Centrifugal pumps are the devices which convert the mechanical energy into hydraulic energy by means of centrifugal force acting on the fluid. Centrifugal pumps are classified as roto dynamic type of pumps in which a dynamic pressure is developed to lift liquids from lower level to higher level. The basic working principle of centrifugal pump is that when a certain mass of liquid is made to rotate by an external force, it is thrown away from the central axis of rotation and a centrifugal pressure is developed which raises the liquid to higher level.
Classification of Centrifugal Pumps
Based on their utility, design and constructional features, centrifugal pumps can be classified as follows
- Shape and type of casing
- Volute or spiral casing
- Vortex or whirlpool casing
- Volute casing with guide blades.
- Working head
- Low head (up to 15m)
- Medium head (15m to 40m)
- High head (over 40m).
- Number of stages
- Single stage centrifugal pumps
- Multi stage centrifugal pumps.
- Liquid handled
- Closed impeller pump
- Semi closed impeller pump
- Open impeller pump.
- Specified speed
- Low specific speed pumps
- Medium specific speed pumps
- High specific speed pumps.
- Number of entrances to the impeller
- Single suction or single entry pump
- Double suction or double entry pump.
Main Components of a Centrifugal Pump
A centrifugal pump consists of the following elements,
- Suction pipe, strainer and foot valve
- Delivery pipe and delivery valve.
A rotating element consists of a vaned rotor called impeller. The impeller is mounted on a shaft which connects to the shaft of an electric motor. The vanes of the impeller may be curved, cylindrical or have more complex surfaces. But generally, series of backward curved vanes are equally spaced around the periphery of the shaft. The unit has a finite number of vanes, usually six to twelve. The impellers are of any one of the following three types.
Shrouded or closed impeller:
Figure (a) shows this type of impeller in which vanes are provided with metal cover plates or shrouds on both sides. The closed impeller provides a better guidance for the liquid and is more efficient.
Semi open type impeller:
Figure shows this type of impeller in which vanes has only the base plate and no crown plate.
Figure (c) shows the types of impeller in which vanes have neither the crown plate nor the base plate. The vanes are open on both sides.

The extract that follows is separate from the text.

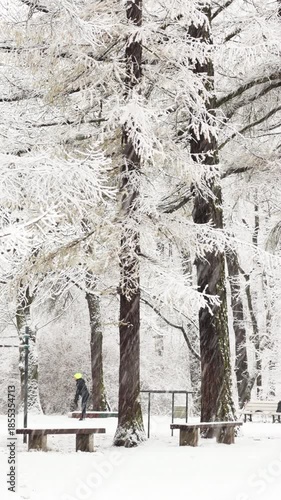 it is snowing heavily in the park, large flakes of snow are slowly falling on tree branches, people are walking dogs, elderly people are doing Nordic walking with sticks
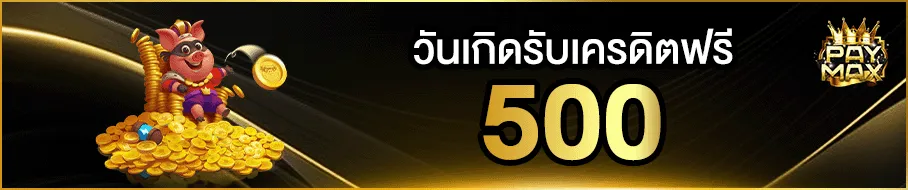 paymax2 promotion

It is an air tight chamber surrounding the impeller. It is similar to the casing of a reaction turbine. It contains suction and discharge arrangements and supporting for bearings. The essential purposes of casing are
- to guide water to and from the impeller, and
- to partially convert the kinetic energy into pressure energy.
Suction pipe, strainer and foot valve:
Suction pipe connects the centre (eye) of the impeller to the sump from which the liquid is to be lifted. The pipe is air tight so that there is no possibility of formation of air pockets. Suction pipe is provided with a strainer at its lower end so as to prevent the entry of solid particles, debris etc. into the pump.
The foot valve is a one-way valve located above the strainer into the suction pipe. It is used to fill the pump with liquid before it is started (i.e., priming) and it prevents back flow, when the pump is stopped.
Delivery pipe and delivery valve:
One end of the delivery pipe is connected to the outlet of the pump and the other end delivers the liquid to the required height. A regulating valve provided just near the pump outlet serves the control liquid flow.